The SemSex corpus is designed to facilitate the automated recognition of sexual education concepts within curriculum description documents. The corpus contains two components: PDF documents detailing Slovene school subjects and a structured JSON file named curriculums.json.
The first part of the corpus contains the PDF documents describing various school subjects. Annotations within these documents show specific phrases that pertain to one or more sexual education concepts. These annotations serve as markers, aiding in the extraction of relevant information.

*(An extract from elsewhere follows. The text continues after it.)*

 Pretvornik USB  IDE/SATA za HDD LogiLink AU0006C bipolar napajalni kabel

The second part of the corpus, curriculums.json, is a structured file presenting the extracted texts from the PDF documents in the JSON format. This file encapsulates the textual content extracted from the PDF documents as well as annotations corresponding to the sections that describe sexual education concepts. Each annotation in curriculums.json comprises a list of concepts that the particular description is referencing. The documents were annotated manually using the concepts in the SemSex ontology. The ontology is included in the submission as an additional file in the turtle format and is described in detail at https://github.com/TimotejK/SemSex.

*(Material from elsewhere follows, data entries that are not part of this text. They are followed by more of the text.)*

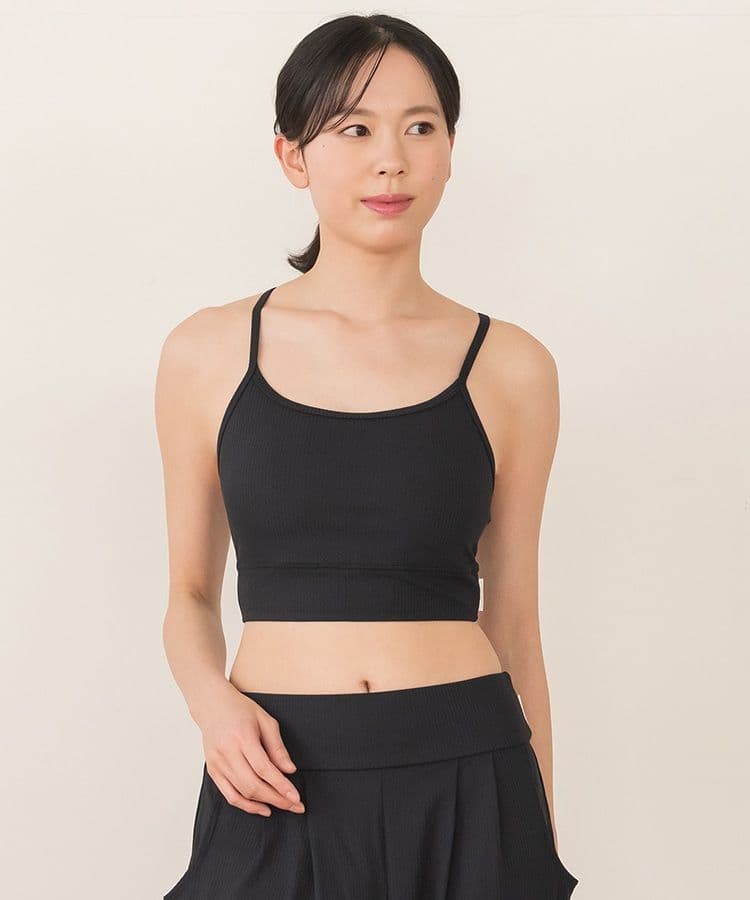 【SUKALA】リブヨギーニツイストトップスセット ブラック Mサイズ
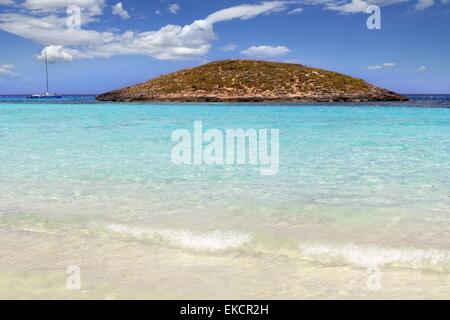 Spiaggia di Illetes isole Formentera Isola delle Baleari Foto Stock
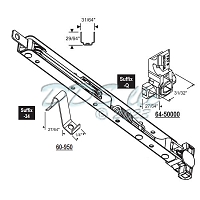 64-841 Series Ribbed Inverted Balance 64-841-33D-34Q 1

The JSON structure of the corpus unfolds as follows:
- At the first level, individual objects represent each PDF document.
- Under 'pages,' a list is provided for each document, encapsulating various pages.
- 'content': This section contains a string representing all the text extracted from the corresponding PDF page.
- 'page_number': Each page is tagged with the original page number from the PDF document.
- 'annotations': A list associated with each page, outlining specific annotations.
- 'start_index': Denotes the starting index of the annotated phrase within the page content.
- 'end_index': Specifies the concluding index of the annotated phrase within the page content.
- 'labels': This list encompasses the concepts to which the annotated phrase refers.
The models that have been trained on this corpus are available at http://hdl.handle.net/11356/1894.